What you will do: Transcribe the entries below word for word, beginning at the line with "Multicolor Stone Stud Earrings" and stopping after the line with "Addicted Golf Line"; drop all pictures.

Records:
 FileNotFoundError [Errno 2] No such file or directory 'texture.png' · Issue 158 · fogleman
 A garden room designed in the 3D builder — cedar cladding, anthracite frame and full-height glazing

---

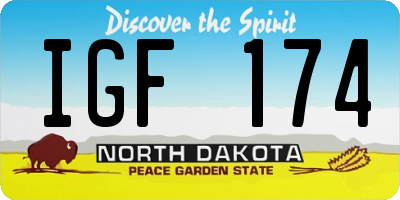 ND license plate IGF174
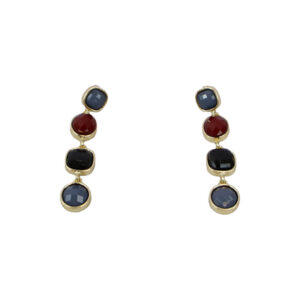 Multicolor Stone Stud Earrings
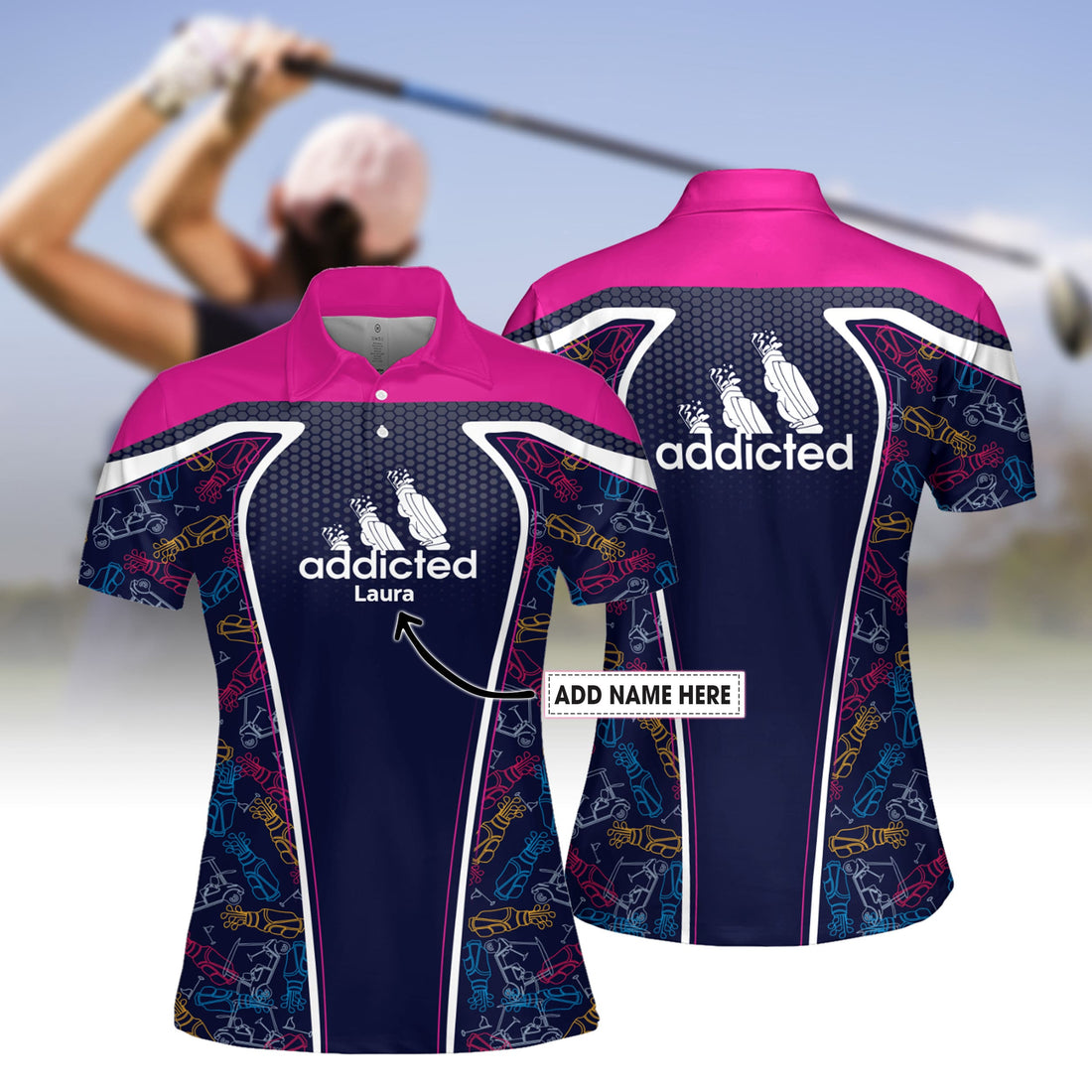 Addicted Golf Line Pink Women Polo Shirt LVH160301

Your response:
 Multicolor Stone Stud Earrings
 Addicted Golf Line Pink Women Polo Shirt LVH160301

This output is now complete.